At Flying Coyote we use rotational grazing, moving our animals throughout our pasture with mobile electric fencing. We give them access to fresh grass every 7-10 days which minimizes exposure to parasites and allows us to spread out their manure (aka fertility) evenly on the pasture.
Full Share
Turnip Greens 1 bunch
Scarlett Turnips 1/3 pound
Bok Choy 1 bunch
Radish 1 bunch
Arugula 1 bag
Lettuce 2
Kohlrabi 2
Kale 1 bunch
Half Share
Turnip Greens 1 bunch
Scarlett Turnips 1/3 pound
Bok Choy 1 bunch
Radish 1 bunch
Arugula 1 bag
Lettuce 1
Recipes
Spicy Carrot and Radish Escabeche
These pickled carrots and radishes, which are often found in Mexican restaurants, are great as a side dish but I also love to put these carrots and radishes inside sandwiches for a little texture and flavor kick. You can make them as spicy as you want by adjusting the jalapeno amount.
- 4 large carrots, peeled and sliced on an angle
- 1 bunch radishes, washed and sliced into rounds
- 1-2 large jalapenos, quartered
- 1 cup champagne vinegar (or any vinegar you like, but NOT balsamic)
- 1/2 cup water
- 2 teaspoons salt
- 1 teaspoon Mexican oregano
- 4 whole bay leaves
- 1 star anise pod
(optional: 2 cups of ice)
1. The Eat NOW Version: Bring the Water, Vinegar, Salt to a boil in a sauce pan when the salt dissolves bring the heat down to a simmer. Add the Oregano, Bay, and Star Anise. Simmer for one minute. Add Carrots, Radish, and Jalapenos.
Turn the heat off and cover for 5 minutes.
Add ice to the carrots etc. to cool mixture down. When carrots, radishes, and jalapenos are cold drain the liquid out. Discard the bay leaves and star anise.
Serve cold and enjoy. 2. The Save for Later Version:
Toss together the carrots, radishes and jalapenos and fit into a large glass container (with a lid)
In a large sauce pan, combine the vinegar, water, salt, oregano, bay, and star anise. Bring to a simmer for two minutes.
Carefully pour the vinegar mixture over the carrot mixture until it covers all the vegetables, and allow to cool on the counter top. (Leftover liquid should be discarded) When cool, cap and refrigerate for at least 5 hours.

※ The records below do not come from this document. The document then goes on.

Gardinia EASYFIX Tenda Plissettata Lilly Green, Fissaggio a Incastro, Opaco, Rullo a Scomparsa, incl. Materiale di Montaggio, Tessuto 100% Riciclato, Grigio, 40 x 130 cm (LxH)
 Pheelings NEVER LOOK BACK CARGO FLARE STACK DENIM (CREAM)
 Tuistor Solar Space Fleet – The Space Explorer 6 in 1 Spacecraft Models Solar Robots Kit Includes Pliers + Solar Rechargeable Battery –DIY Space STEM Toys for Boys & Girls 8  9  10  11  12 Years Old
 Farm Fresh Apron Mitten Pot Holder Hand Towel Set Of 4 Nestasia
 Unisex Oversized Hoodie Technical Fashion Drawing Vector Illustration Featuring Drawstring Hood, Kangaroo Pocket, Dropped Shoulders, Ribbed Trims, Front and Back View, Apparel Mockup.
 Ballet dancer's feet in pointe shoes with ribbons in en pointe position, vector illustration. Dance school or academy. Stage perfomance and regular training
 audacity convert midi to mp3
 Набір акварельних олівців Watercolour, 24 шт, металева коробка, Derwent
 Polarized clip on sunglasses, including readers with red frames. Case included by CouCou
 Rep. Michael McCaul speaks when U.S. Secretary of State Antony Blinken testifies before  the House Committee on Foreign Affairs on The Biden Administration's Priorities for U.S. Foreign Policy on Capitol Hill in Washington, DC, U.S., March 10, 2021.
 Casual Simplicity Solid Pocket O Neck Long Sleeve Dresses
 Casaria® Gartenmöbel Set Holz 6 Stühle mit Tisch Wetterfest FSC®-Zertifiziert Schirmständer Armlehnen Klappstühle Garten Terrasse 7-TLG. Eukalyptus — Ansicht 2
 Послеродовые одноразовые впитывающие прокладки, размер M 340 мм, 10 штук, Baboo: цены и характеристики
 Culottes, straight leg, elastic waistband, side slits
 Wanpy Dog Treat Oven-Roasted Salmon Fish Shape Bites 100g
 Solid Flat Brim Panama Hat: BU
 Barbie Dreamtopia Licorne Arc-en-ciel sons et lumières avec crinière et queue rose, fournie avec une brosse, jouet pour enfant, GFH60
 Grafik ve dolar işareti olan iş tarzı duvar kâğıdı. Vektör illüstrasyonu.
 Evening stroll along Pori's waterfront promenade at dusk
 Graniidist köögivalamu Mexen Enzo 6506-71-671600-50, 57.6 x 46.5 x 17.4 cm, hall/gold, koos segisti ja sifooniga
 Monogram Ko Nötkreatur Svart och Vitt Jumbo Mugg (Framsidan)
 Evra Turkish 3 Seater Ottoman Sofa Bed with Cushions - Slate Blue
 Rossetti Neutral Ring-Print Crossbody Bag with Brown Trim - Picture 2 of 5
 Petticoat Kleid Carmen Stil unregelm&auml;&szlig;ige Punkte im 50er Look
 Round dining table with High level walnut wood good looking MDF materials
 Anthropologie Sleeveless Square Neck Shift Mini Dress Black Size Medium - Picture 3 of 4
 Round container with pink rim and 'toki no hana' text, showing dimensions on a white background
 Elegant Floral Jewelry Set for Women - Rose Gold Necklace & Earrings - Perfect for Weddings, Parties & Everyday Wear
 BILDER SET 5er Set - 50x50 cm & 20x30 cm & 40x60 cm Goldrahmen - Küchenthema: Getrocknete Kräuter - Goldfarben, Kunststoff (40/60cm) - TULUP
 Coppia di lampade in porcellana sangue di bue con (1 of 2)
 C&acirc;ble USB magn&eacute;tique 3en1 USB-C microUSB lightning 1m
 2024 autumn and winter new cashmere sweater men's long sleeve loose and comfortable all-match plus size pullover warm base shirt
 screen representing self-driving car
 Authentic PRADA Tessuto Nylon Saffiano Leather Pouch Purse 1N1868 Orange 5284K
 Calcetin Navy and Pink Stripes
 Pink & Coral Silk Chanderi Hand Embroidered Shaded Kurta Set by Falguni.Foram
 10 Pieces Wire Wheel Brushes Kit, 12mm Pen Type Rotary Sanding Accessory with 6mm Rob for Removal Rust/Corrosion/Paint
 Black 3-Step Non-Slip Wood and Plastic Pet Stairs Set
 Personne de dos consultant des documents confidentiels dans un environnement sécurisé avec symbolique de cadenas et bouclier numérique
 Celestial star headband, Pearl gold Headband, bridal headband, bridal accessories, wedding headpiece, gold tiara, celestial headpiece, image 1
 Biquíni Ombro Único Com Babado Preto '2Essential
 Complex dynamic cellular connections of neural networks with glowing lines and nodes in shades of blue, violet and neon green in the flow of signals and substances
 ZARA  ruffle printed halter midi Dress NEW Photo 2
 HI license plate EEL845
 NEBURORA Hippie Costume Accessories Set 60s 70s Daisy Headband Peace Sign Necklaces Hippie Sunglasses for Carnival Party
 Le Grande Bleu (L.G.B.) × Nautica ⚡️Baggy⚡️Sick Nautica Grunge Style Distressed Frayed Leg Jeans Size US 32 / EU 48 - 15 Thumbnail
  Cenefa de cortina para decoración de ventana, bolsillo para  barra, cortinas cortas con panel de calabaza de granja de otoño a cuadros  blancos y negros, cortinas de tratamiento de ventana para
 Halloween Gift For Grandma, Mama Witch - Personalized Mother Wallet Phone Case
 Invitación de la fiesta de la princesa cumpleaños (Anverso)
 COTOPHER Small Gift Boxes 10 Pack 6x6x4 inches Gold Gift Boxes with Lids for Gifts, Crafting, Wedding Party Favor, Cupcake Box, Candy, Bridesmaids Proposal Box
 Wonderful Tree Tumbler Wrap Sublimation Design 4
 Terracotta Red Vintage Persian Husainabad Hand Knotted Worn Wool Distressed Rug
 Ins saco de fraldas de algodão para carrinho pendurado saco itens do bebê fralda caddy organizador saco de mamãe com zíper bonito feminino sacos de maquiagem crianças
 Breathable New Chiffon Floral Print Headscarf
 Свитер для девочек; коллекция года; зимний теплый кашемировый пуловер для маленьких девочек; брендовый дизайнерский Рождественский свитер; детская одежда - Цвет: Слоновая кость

Serve cold and Enjoy! Can be kept for up to three months.
From Painted Peach
Turnip Greens with Garlic
Ingredients
- 2 Bunches of Greens (or 1 bunch for each person)
- 4 Cloves of Garlic
- 1 Onion
- 1 Dried Red Pepper
- Ghee, Coconut Oil or Rendered Animal Fat
Instructions
- Start by chopping the garlic and the onion. Some people prefer them minced, but I love big, sweet chunks of garlic.
- Roll the greens tightly and cut them in thin strips as shown above.
- Heat your desired fat in a pan, and fry your onion and garlic until they’re tender.
- Add the greens and cook until they’re bright. Add a touch of dried red pepper.
- Serve warm. Cheap, wholesome and tasty.